她早就辦好了護照,也聯係好了那邊的婦產醫院。
她誰也沒有告訴。
包括薇薇。
今天商陸突然來找她,她怕得很。
怕這個孩子保不住,她必須要走。
等孩子在國出生,她和孩子都有了國的護照,以後就算商陸要跟她搶撫養權,也是不可能的事情了。
一切的一切,她早就計劃好了。
不是她不相信商陸。
是她不能允許自己的寶寶,有任何的閃失。
誰都不可以把她和寶寶分開。
誰都不能!!
所以,她連薇薇都沒有告訴。
就怕在孩子臨盆前,商陸打聽到什麼。
進安檢的時候,忽然有一隻結實有力的臂膀,拉住了她……
轉身回頭,又慌張到驚訝,“阿東?”
何啟東是十分生氣的。
又拿她無可奈何,“喬蕎,你是不是把自己當成是超人了?”
“你怎麼知道我在機場?”喬蕎趕緊朝他身後望了望,“商陸沒跟你一起來吧?”
何啟東壓下心頭的生氣,“知道你不想見到他,我怎麼可能把他帶來。”
喬蕎還是不相信。
又朝他身後望了望,確定沒看到商陸的影子,這才鬆了一大口氣。
但飛機沒有成功起飛,她還是滿心擔憂。
“阿東,我沒時間跟你解釋了,我得趕緊進安檢。”她欲揮開何啟東抓著她手臂的手。
何啟東緊抓著不放,“你一個連英語都不會說的人,隻身一人去國生孩子,不怕有個意外嗎?”
她在那邊語言交流不通,又人生地不熟的。
她是把自己當成是三頭六臂的超人了?
真的以為自己無所不能?
可何啟東也知道,她是被逼上這條路的。
心中的怒意全部消散,他語氣溫柔道,“我跟你買了同一趟航班的機票,陪你一起去國。

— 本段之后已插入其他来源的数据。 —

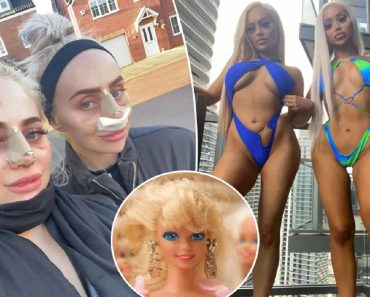 Az ikertestvérem és én 200 ezer dollárt költöttünk mell-, fenék- és vaginaműtétre, hogy Barbie-k legyünk. Az ikertestvérem és én 200 ezer dollárt költöttünk mell-, fenék- és vaginaműtétre, hogy Barbie-k legyünk.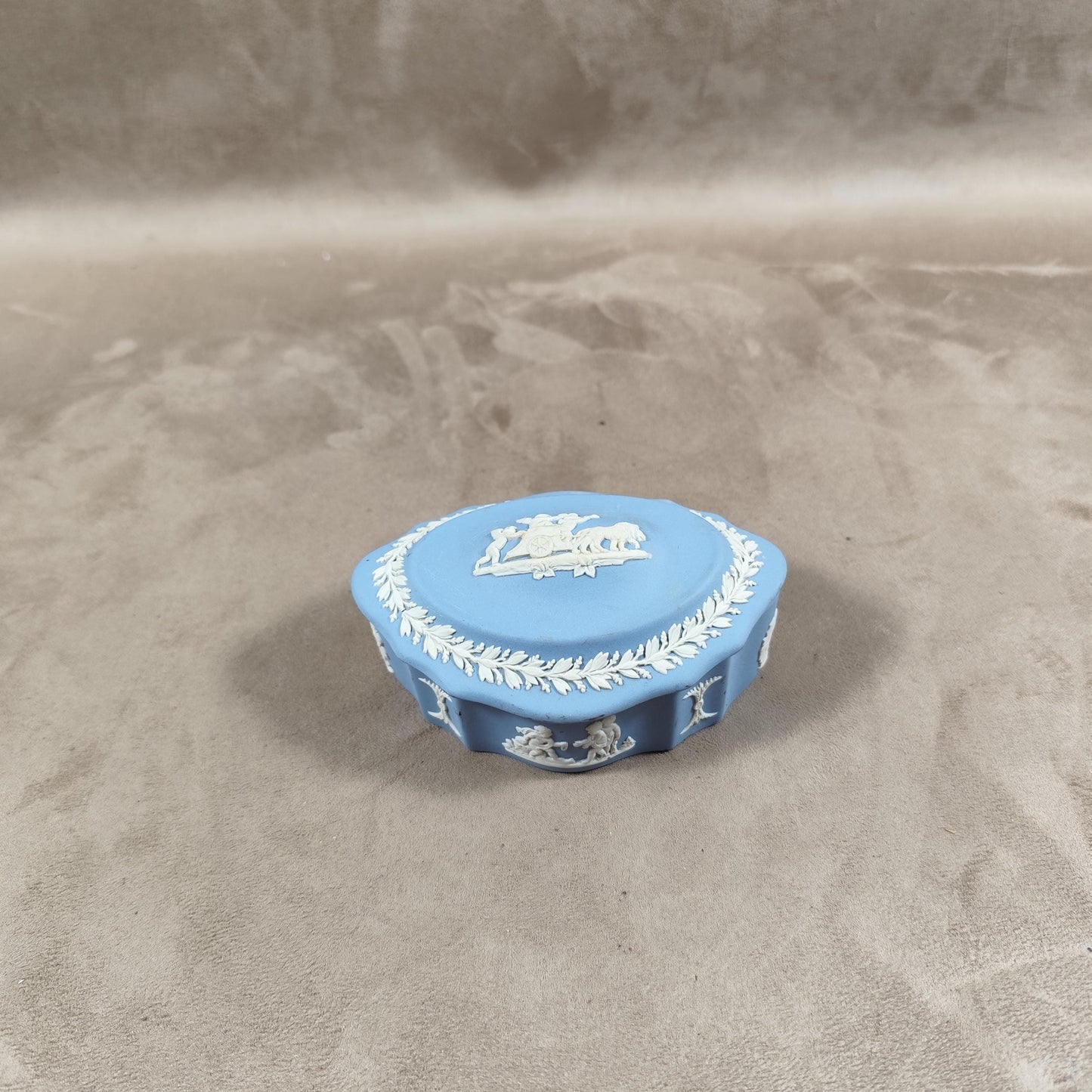 Petite boite à savon Jaspeware en biscuit bleu Wedgwood Made in England Vintage 1970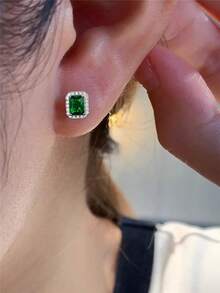 Pendientes de botón de plata de ley 925 con circonita cúbica geométrica cuadrada, joyería de alta calidad para mujeres - Plateado - Ver 10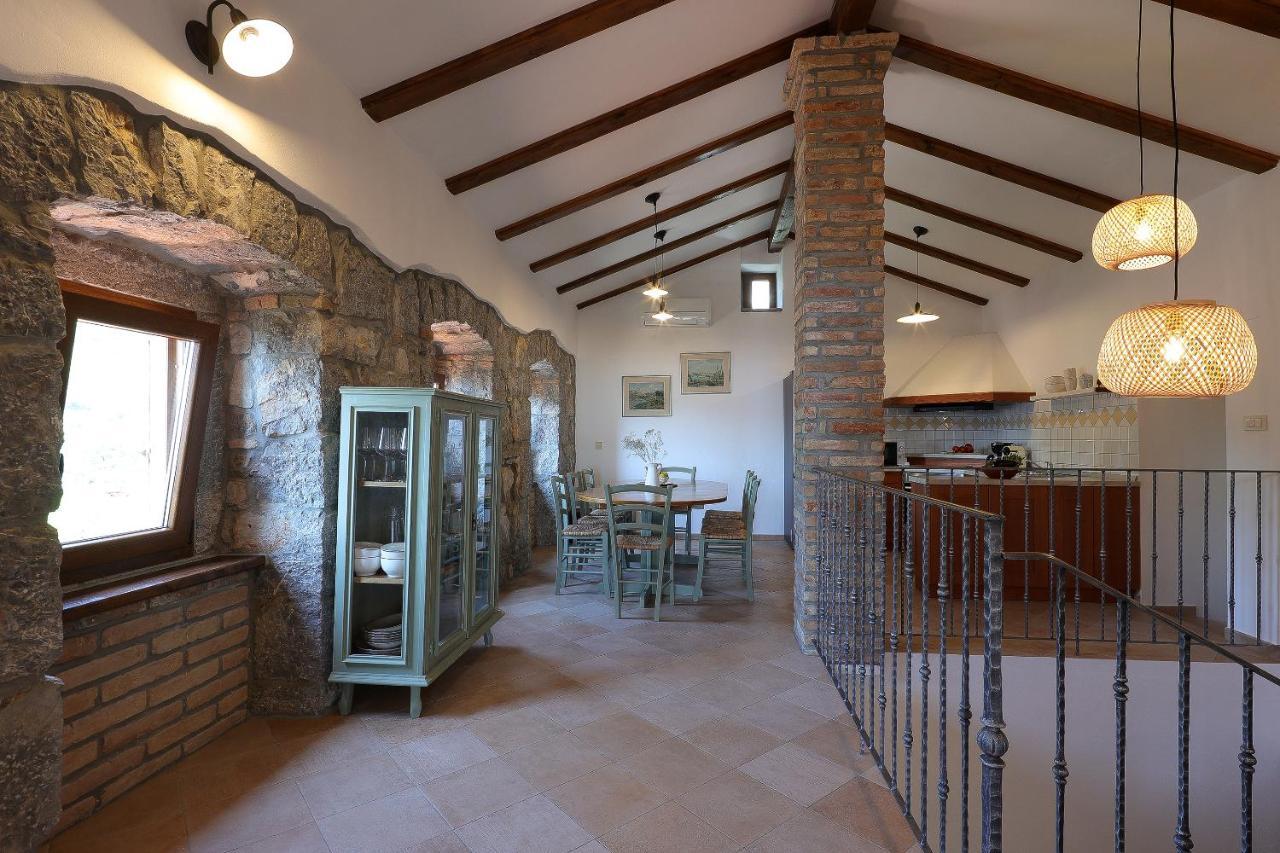 Villa Fani With Jacuzzi Ичичи Экстерьер фото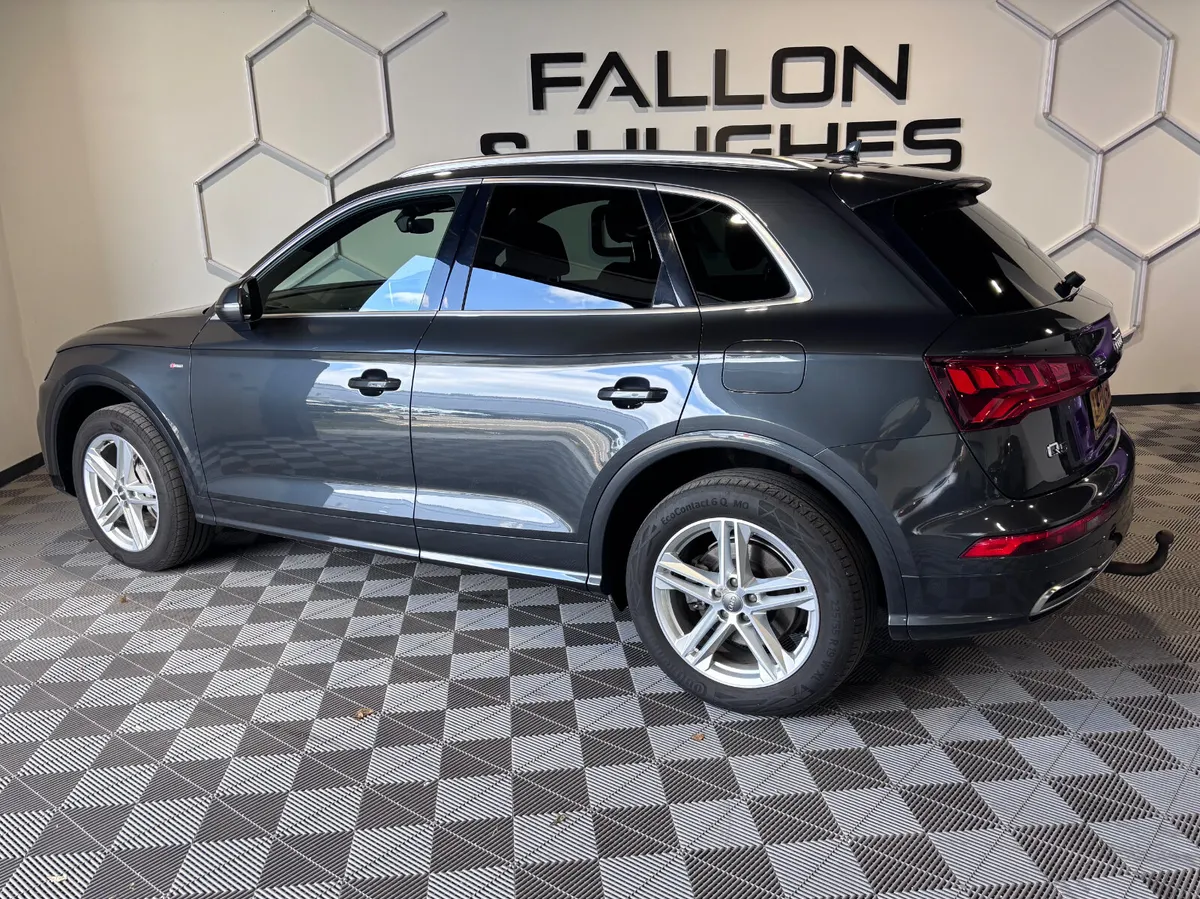 2021 AUDI Q5 S LINE 50 TFSI E QUATTRO HYBRID - Image 3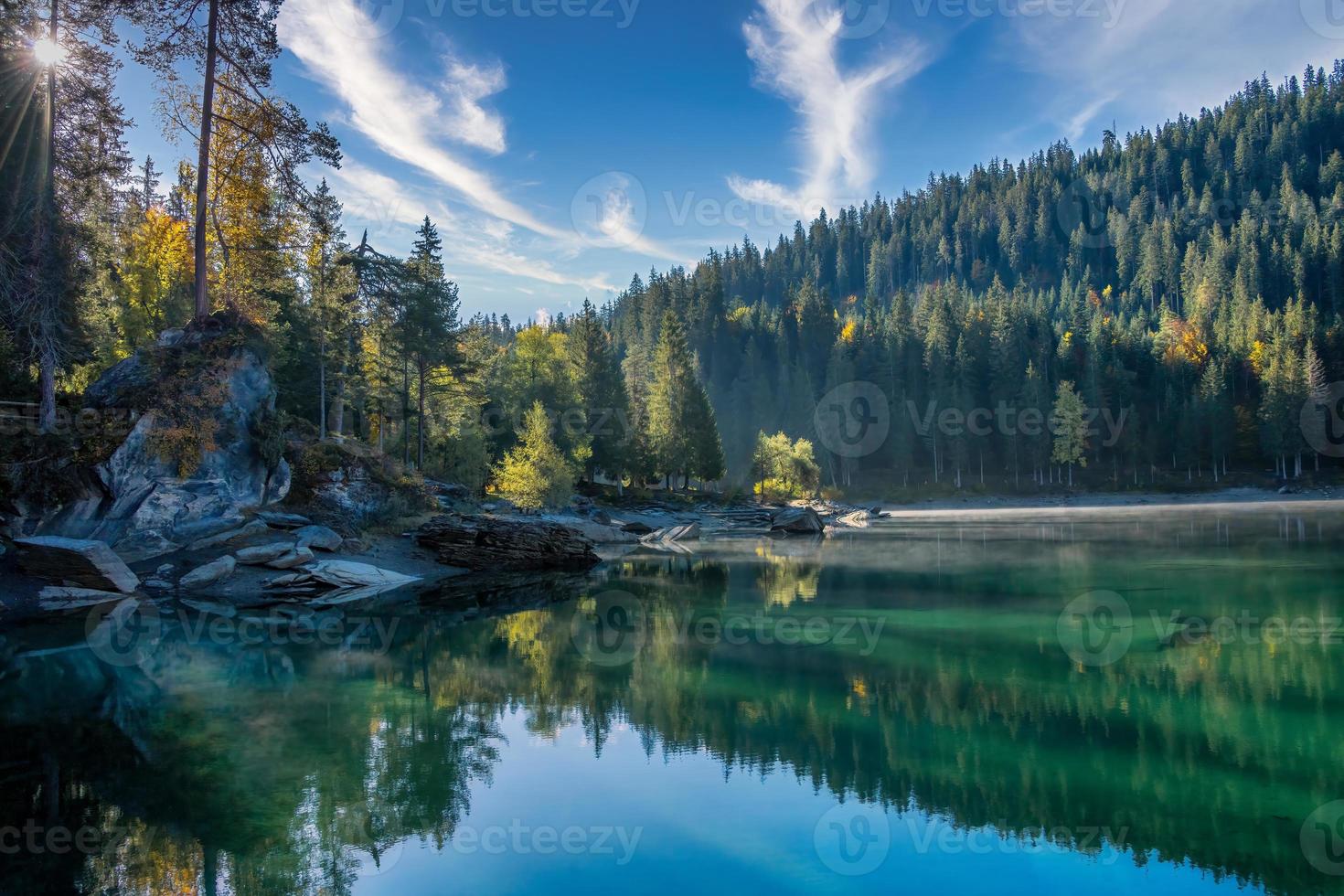 un' specchio lago quello riflette il foresta nel si foto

”
“阿東……”
“過安檢。”
大掌鬆開她的手臂,乾脆利落地拎過她手中的兩個行李箱。
“跟在我旁邊,慢點。”
喬蕎鼻子忽然有些酸。
兜兜轉轉,願意陪在她身邊的人,竟然是她曾經最不相信的人。
“阿東,我是去生孩子,不是去旅遊的。你就不怕我是個麻煩嗎?”
何啟東沒有說話。
他看著這個憂傷而又堅強的女人,眼神一點點變柔。
靜靜地看了她十幾秒鐘,他才緩緩開口,
“喬蕎,你知道嗎?”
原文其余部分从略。